Le lien de filiation entre [W] [F] et sa mère, [V] [I] est ainsi établi.
Née d’une mère, [V] [I], française pour être née d’un père d'origine européenne, [W] [F] était donc française.
Sur la mention prévue à l'article 28 du code civil
Aux termes de l’article 28 du code civil, mention sera portée, en marge de l'acte de naissance, des actes administratifs et des déclarations ayant pour effet l'acquisition, la perte de la nationalité française ou la réintégration dans cette nationalité. Il sera fait de même mention de toute première délivrance de certificat de nationalité française et des décisions juridictionnelles ayant trait à cette nationalité.
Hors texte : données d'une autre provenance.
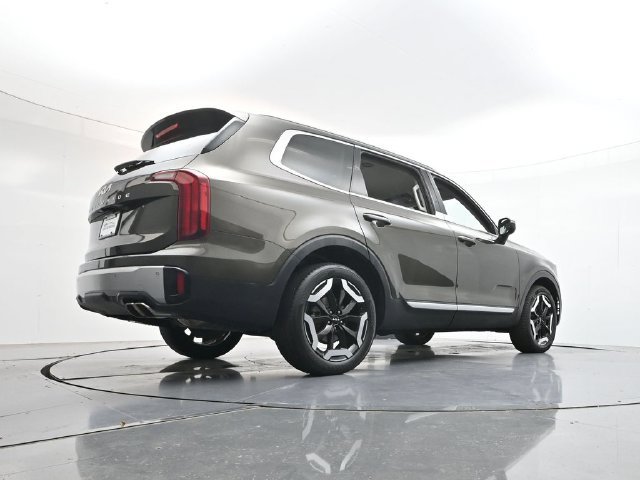 Used 2023 Kia Telluride S FWD image 49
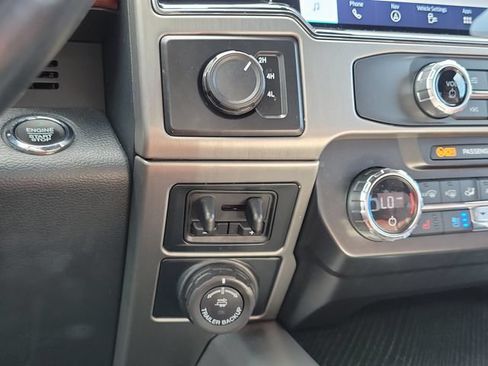 Used 2022 Ford F350 Platinum w/ FX4 Off-Road Package AWD/4WD image 32
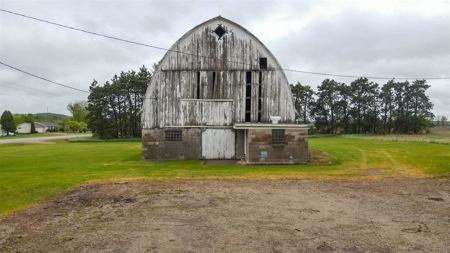 Country Farm House For Sale in Waupaca County - image 3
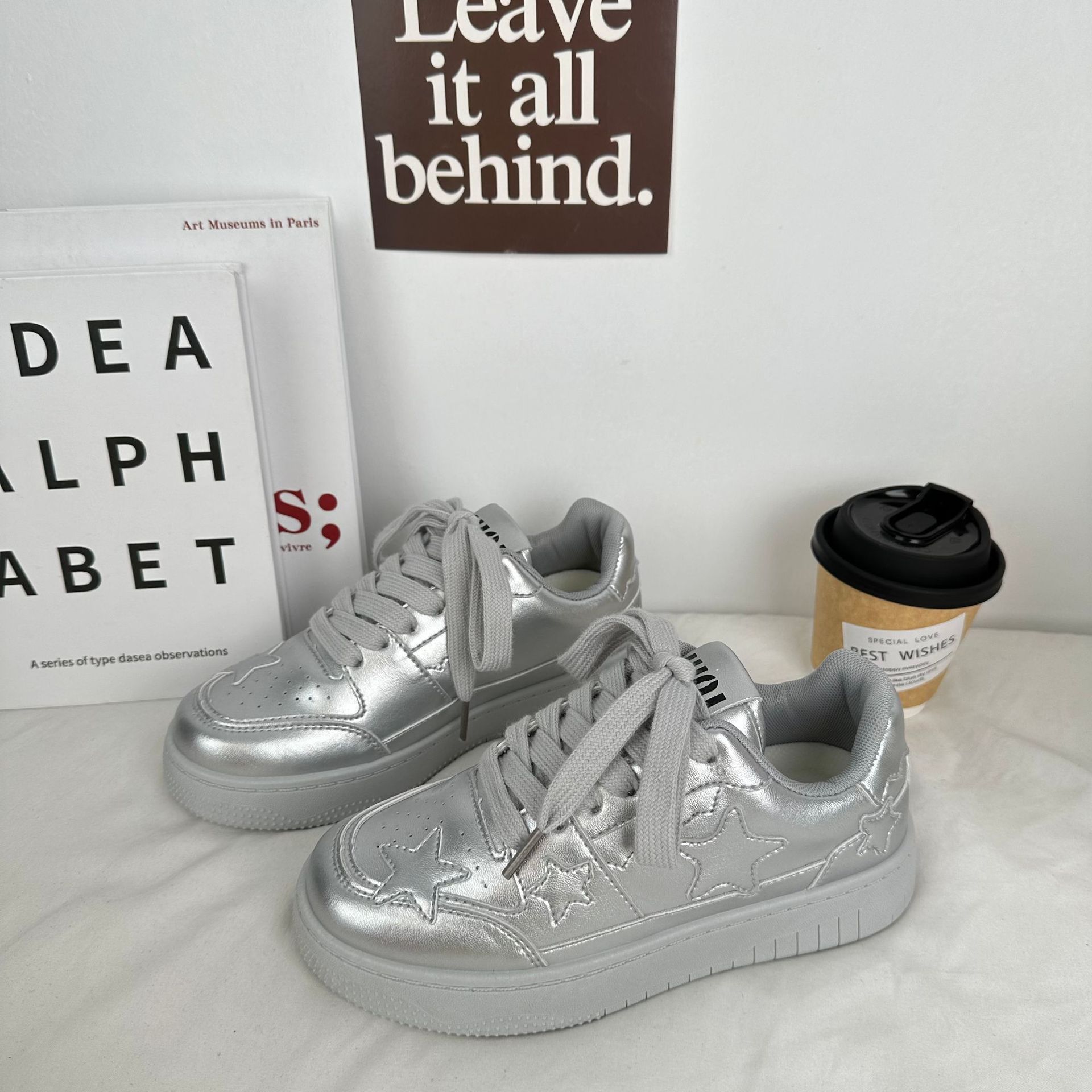 2024 primavera y verano coreano versátil zapatos de lona de suela gruesa nicho de tendencia zapatos de skate para estudiantes de Harajuku zapatos blancos pequeños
En conséquence, cette mention sera en l’espèce ordonnée.
Sur les dépens
En application de l’article 696 du code de procédure civile, la procédure ayant été nécessaire à l’établissement des droits de [W] [F], les demandeurs seront condamnés aux dépens, qui seront recouvrés conformément aux dispositions sur l'aide juridictionnelle et partant, déboutés de leur demande au titre des frais irrépétibles, en application de l’article 700 du même code.
PAR CES MOTIFS
LE TRIBUNAL, statuant publiquement, contradictoirement, en premier ressort et par mise à disposition au greffe :
Dit la procédure régulière au regard des dispositions de l'article 1043 du code de procédure civile ;
Dit recevable la demande de reprise d'instance de Mme [S] [A] [M], Mme [S] [O] [M], M. [S] [J] [M], Mme [B] [E] [R], en qualité d'héritiers de Mme [W] [F] ;
Juge que [W] [F], née le 27 juin 1961 à [Localité 7] (Madagascar), est de nationalité française ;
Ordonne la mention prévue par l’article 28 du code civil ;
Déboute Mme [S] [A] [M], Mme [S] [O] [M], M. [S] [J] [M], Mme [B] [E] [R] de leur demande au titre de l’article 700 du code de procédure civile,
Condamne Mme [S] [A] [M], Mme [S] [O] [M], M. [S] [J] [M], Mme [B] [E] [R] aux dépens, qui seront recouvrés conformément aux dispositions sur l'aide juridictionnelle.